山岸(前列右端)にとって土岐(前列左端)は大きな存在だった(写真は本人提供)

今季の4年生は4人。少ない同期の中には高校時に全国を制した経験を持つ鍬田憲伸(鎮西)や、伊藤洸貴(駿台学園)がいる。レギュラーセッターは伊藤であり、山岸はリザーブに留(とど)まるが、最終学年になったら「キャプテンをやりたい」と密(ひそ)かに思っていた。だがそれは山岸のみならず、1学年上の土岐たちの代も同様で「お前がキャプテンになれ」と言われた時は「嬉(うれ)しかった」と振り返る。

「憲伸や洸貴がいる中で自分がキャプテンになるのはプレッシャーかな、とも思ったんです。でも憲伸からも『俺はプレーに専念して頑張るし、キャプテンは疲れるからお前が頑張れ』と言われて、先輩からも『山岸がキャプテンになれ』と言ってもらえて、正直嬉しかったです。俺が引っ張るぞ、みたいな感じはないですけど、仲の良さだけはどこにも負けない自信があります」

リリーフサーバーの自分だからできること

新チームがスタートした当初から「組織力」をテーマに掲げ、全員で戦い、全員で点を取り、全員でカバーする、真の“全員バレー”を目指してきた。更に今季はボールを使った練習に加え、ウェートトレーニングにも積極的に取り組み、4年生だけでなく部員のほぼ全員が筋力も大幅に向上。体が変わり、パワーも増せばプレーも変わるとばかりにトレーニングの楽しさにも目覚め、昨年はオープン戦としてしか開催されなかった秋季リーグでも3位と好成績を収めた。

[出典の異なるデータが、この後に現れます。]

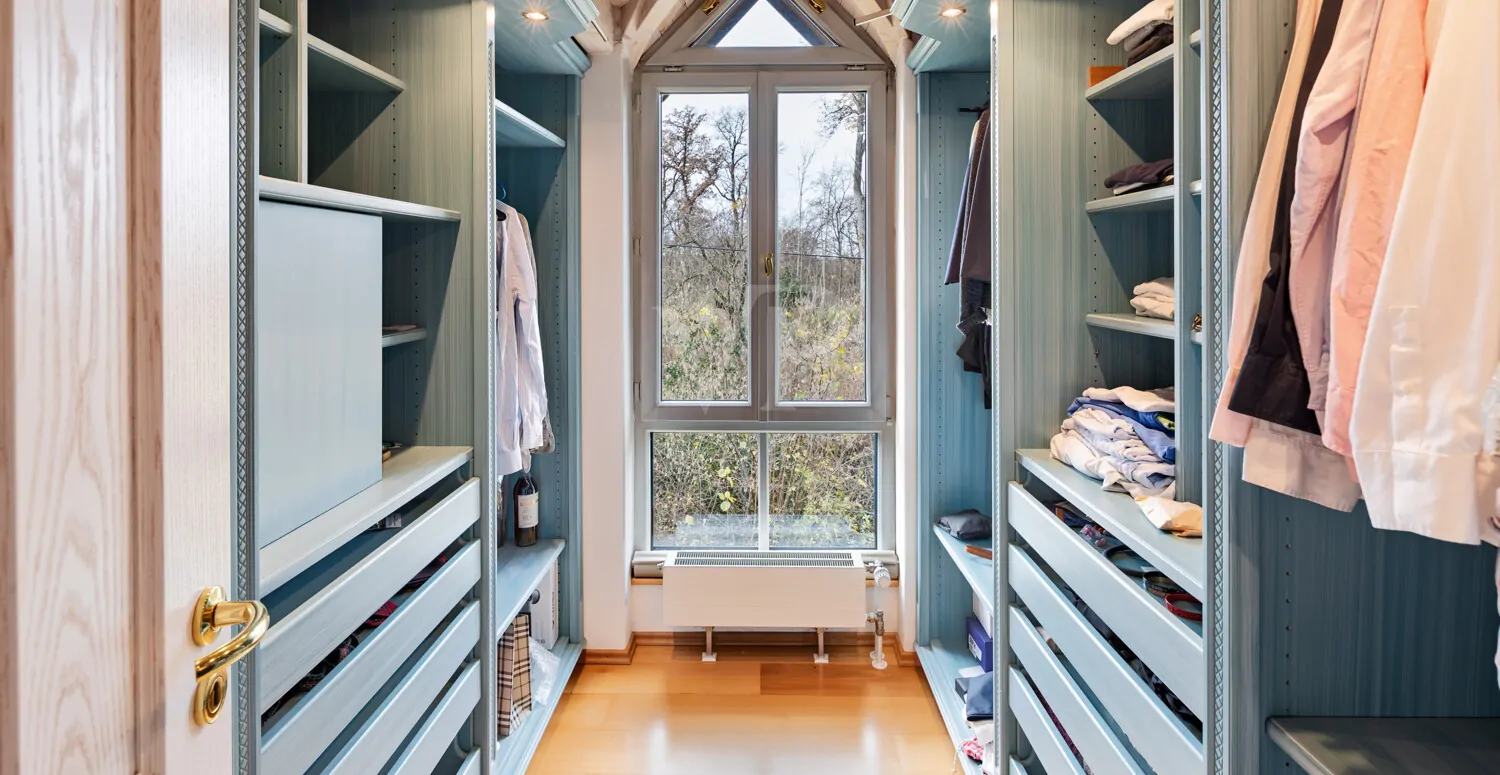 Ankleide im Elternschlafzimmer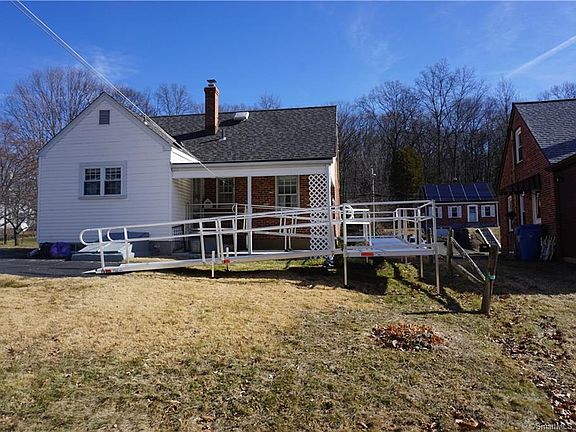 5th image of 102 Stanwood Dr
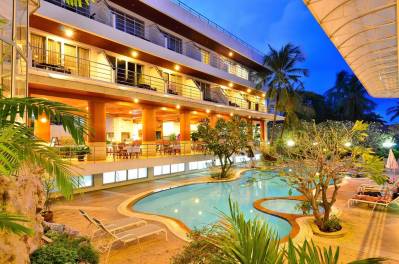 SAMUI FIRST HOUSE HOTEL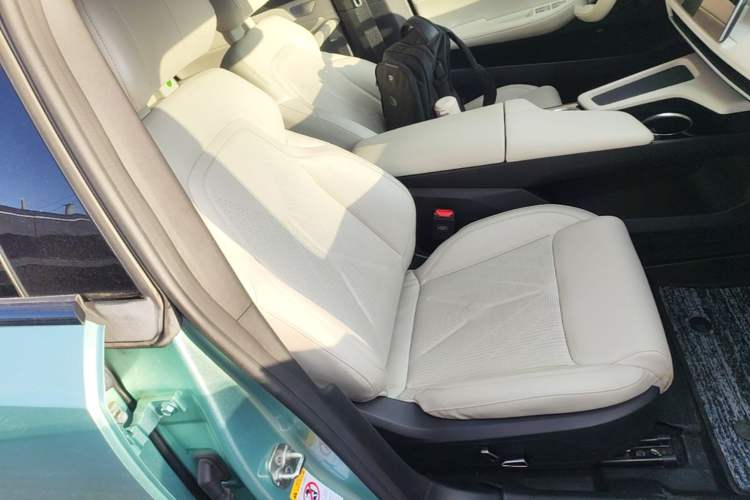 Used Deepal SL03 2022 515 Pure Electric Version Right Front Seat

4年生は4人しかいないが、それぞれが自分の役割を理解し、チームを支えてきた(左端が山岸、写真は本人提供)

自身はレギュラーセッターとしてコートに立つことはなく、途中出場やリリーフサーバー(ピンチサーバー)としての出場がほとんどだが、全ての選手に役割があることは、誰よりも理解している。試合中も劣勢時や優勢時にかかわらず、気づいたことがあればセッターの立場から、チーム全体に向けて相手のブロックやレシーブの布陣を伝え、「ここの攻撃は通るはずだ」とアドバイスをするのも山岸が果たす大事な役割だ。そして何より、リリーフサーバーが投入されるのは各セットや試合終盤、勝負がかかった緊迫した場面や、劣勢から盛り返すためのきっかけを求める勝負所でもある。

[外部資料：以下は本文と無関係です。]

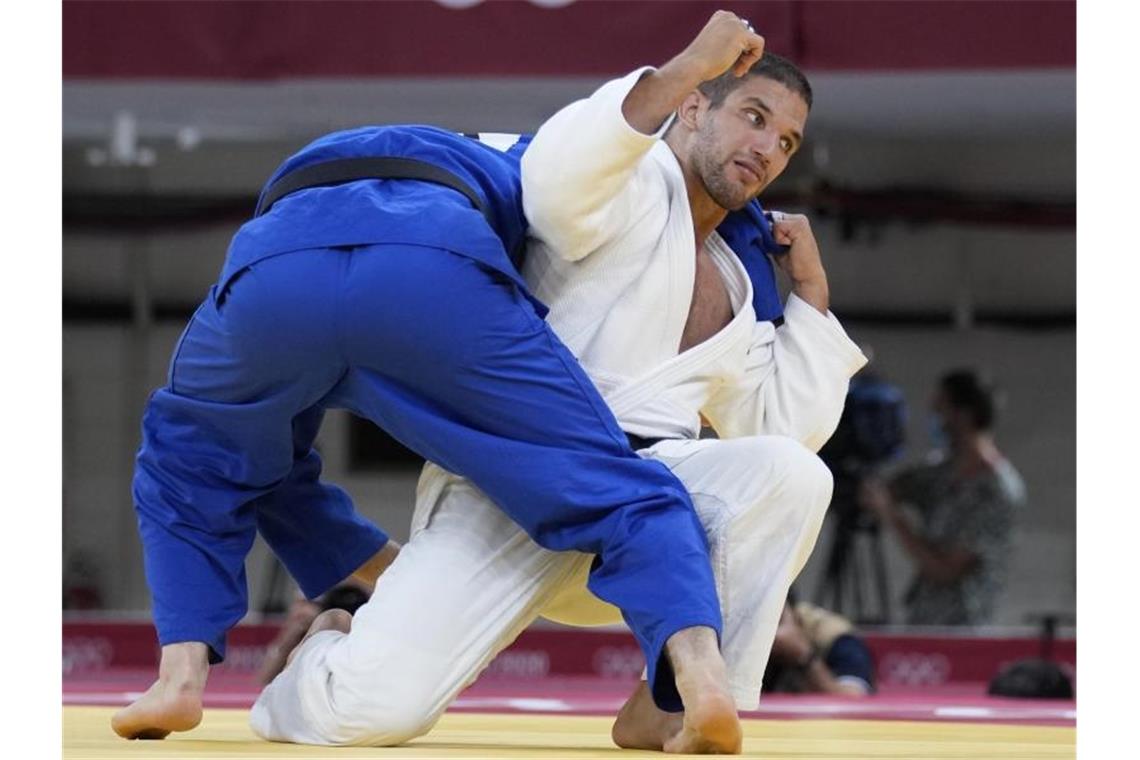 Eduard Trippel (blau) holte Silber in Tokio. Foto: Vincent Thian/AP/dpa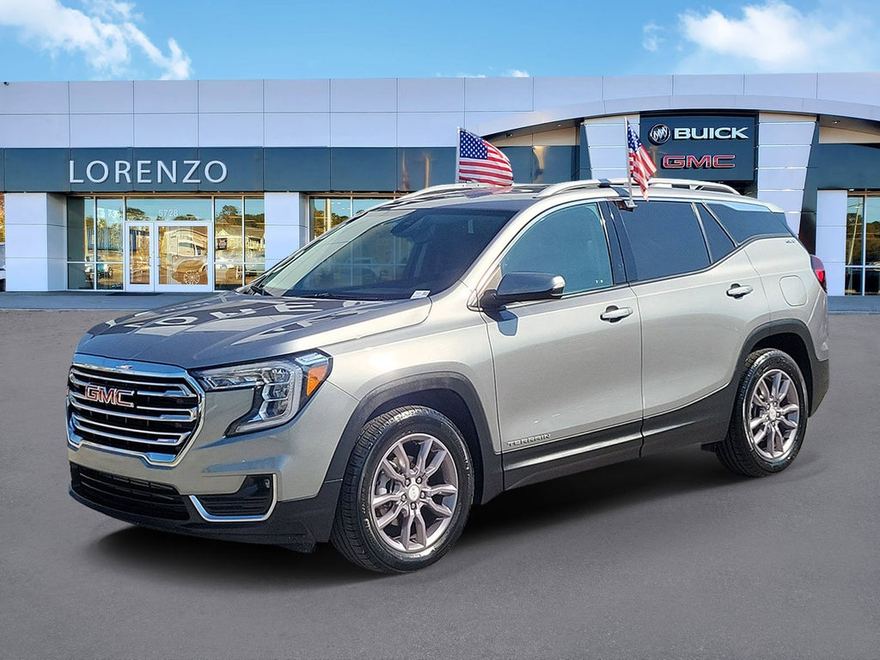 2023 GMC Terrain SLT en vista tres cuartos frontal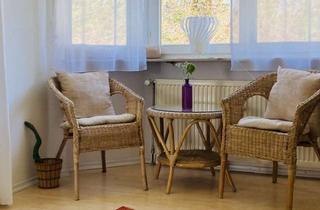 Wohnung kaufen in 88250 Weingarten, Lichtdurchflutete 2-Zimmer-Wohnung Balkon Mit Basilika-Blick PLUS Wintergarten & Einbauküche
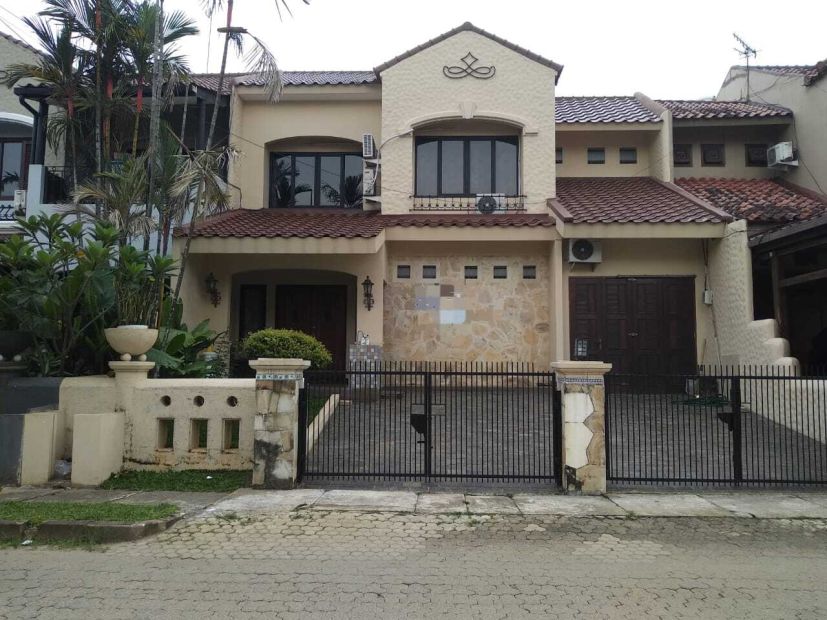 Dijual Cepat Rumah Siap Huni Dalam Komplek Elite Di Cinere Depok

「言葉のまんまじゃないですけど、“ピンチ”を救える存在でありたい、といつも思いながらコートに入っています。サーブは中大の武器でもあるし、自分自身の武器でもあるので、全カレでも大事なところでチームに勢いづかせる、勝利を引き寄せられるようなサーブを打ちたいですね」

伝えたい中大バレーがある

全日本インカレ開幕が迫った今、日に日に楽しみは増すばかり。卒業後はVリーグV1のVC長野トライデンツへ進む山岸にとって、更に上のステージで戦うための最後の舞台であり、これからにつながる大きな一歩でもある。

「(東山)高校の時はめちゃくちゃ接戦になりながらも負けて、3年間春高へ出られなかった。今思い出しても悔しいです。でもあの頃は監督に言われるままやるだけで、自分で考えて動くことをしなかった。当時からもっと自分で考えて動く選手になれていたらもっといい結果も出ていたと思うし、高校の悔しさがあるから、大学では絶対悔いがないように終わりたい。悔いがあると、Vリーグに進んでも頭から離れないと思うので、学生スポーツの最後は、悔いなく終わりたいです」

自分の武器でもあるサーブで、チームを勝たせたい(写真提供・関東大学バレーボール連盟)

目指す目標は、もちろん日本一。有観客はかなわなかったが、配信を通してでも多くの人たちに見てほしいし、伝えたい中大バレーがある。

「中大の武器はサーブですが、サーブで崩してからのブロック&ディグ、そこを機能させるためには組織力が必要。全員でカバーする姿、全員で戦っている組織力、全員バレーを見てほしいし、びっくりするぐらい仲がいいチームなので、最後の勝負も絶対負けたくない。大陽さんの思い、悔しさも背負って、僕らが日本一になりたいです」

これからの夢と、果たせなかった思いとともに。中央大、そして山岸は2年ぶりの全日本インカレに挑む。